"I Have a Dream" Legacy Prompts Strong Viewer Reaction
COLUMBIA - A spirited conversation about race took place on Facebook after KOMU 8 News posted a question about Martin Luther King Jr.'s "I Have a Dream" speech.
The post asked viewers to share their thoughts on "how things have changed and what still needs to be addressed."
Dr. Martin Luther King, Jr. delivered his famous speech at the March for Jobs and Freedom on Aug. 28, 1963, bringing more than a quarter of a million people to the National Mall, according to The King Center's website.

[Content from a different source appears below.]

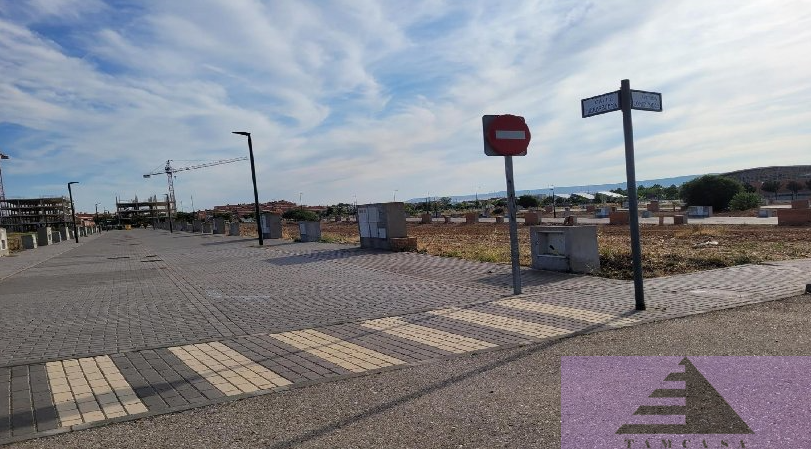 For sale of land in Marchamalo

King said, "I have a dream that one day this nation will rise up, live out the true meaning of its creed: 'We hold these truths to be self-evident, that all men are created equal.'"

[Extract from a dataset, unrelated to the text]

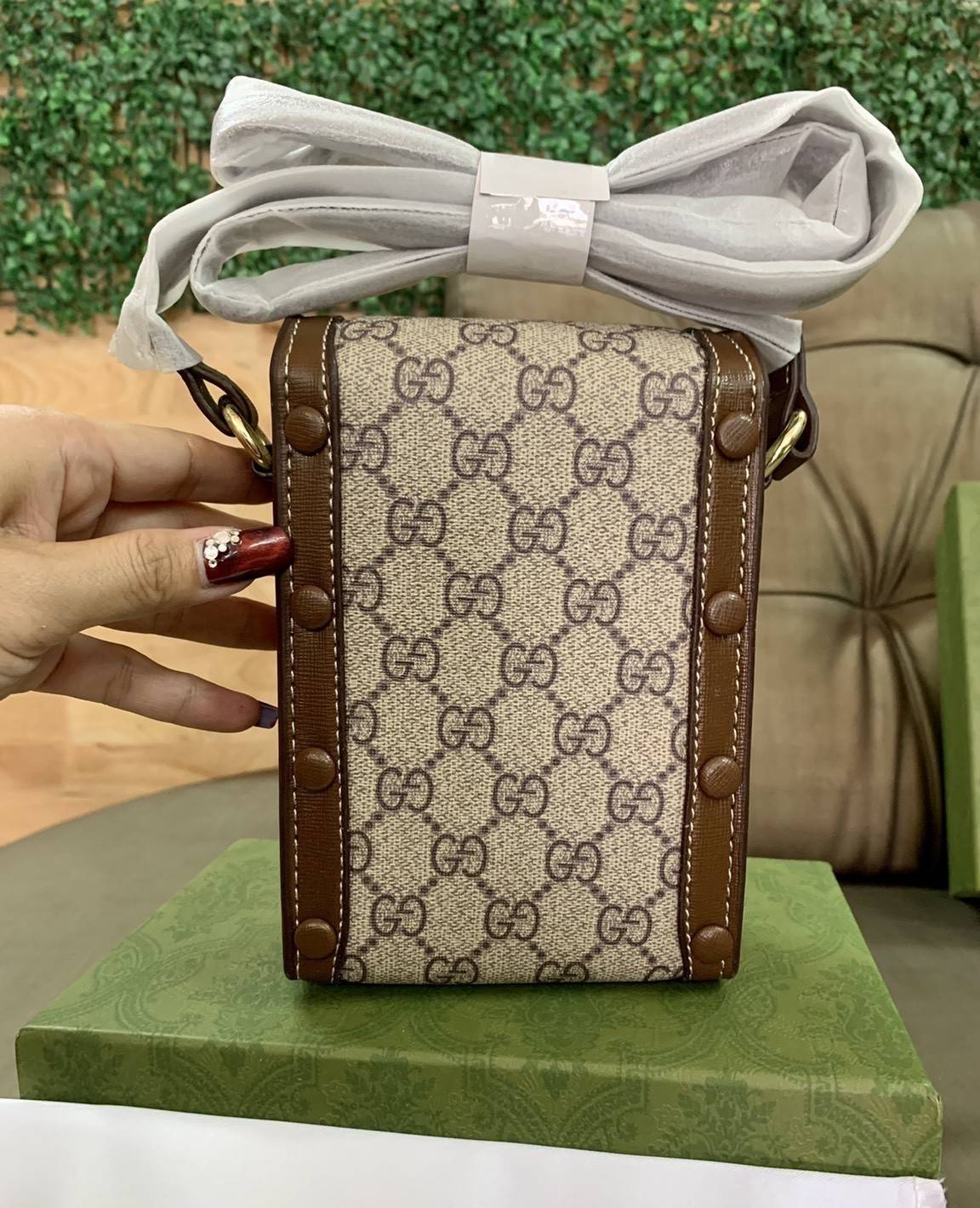 Gucci Horsebit 1955 Phone Bag with Strap กระเป๋าสะพาย กระเป๋าใส่โทรศัพท์ งานแฟชั่นคลาสสิก หนังผสมวัวแท้สีน้ำตาล อะไหล่สวย ดีไซต์สัญลักษณ์วงแหวนตามแบบฉบับ GG มาพร้อมกล่องแบรนด์และสายสะพายยาวที่สามารถปรับระดับได้ พร้อมส่งให้สะพาย สวยๆ กันแล้ววันนี้ ใบนี้ mu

Reaction on the Facebook page indicated there are still strains on race relations.
"It was obviously just a dream. It's never going to happen. Blacks are always saying, 'I bet if I was white that wouldn't have happened,'" Jason Day said. "They get away with too much. We should stop celebrating this day. It has no effect on a lot of people."
Branden Carinder wrote this: "I have a dream. I want to see blacks stop pulling the race card when they don't get their way, and stop seeing all racism."
DaLesa Nichols replied with, "I have a dream Caucasians would stop saying African Americans complain when they don't get their way. Walk a mile in our shoes first!"
Matt Young said the Facebook conversation itself was an indicator of the tension. "You wonder what still needs to be addressed? How about these comments?"
But many who answered the question took a positive approach.
"Our family has been able to adopt trans-racially," Connie Brander Tracy said. "I wish all people from all cultures could accept that we are all the same inside, regardless of skin color. We talk about this because some of our adopted kids have been filled with lies that it is a race issue and this comes up in our daily lives. Hopefully, in the next generation, more walls will come down."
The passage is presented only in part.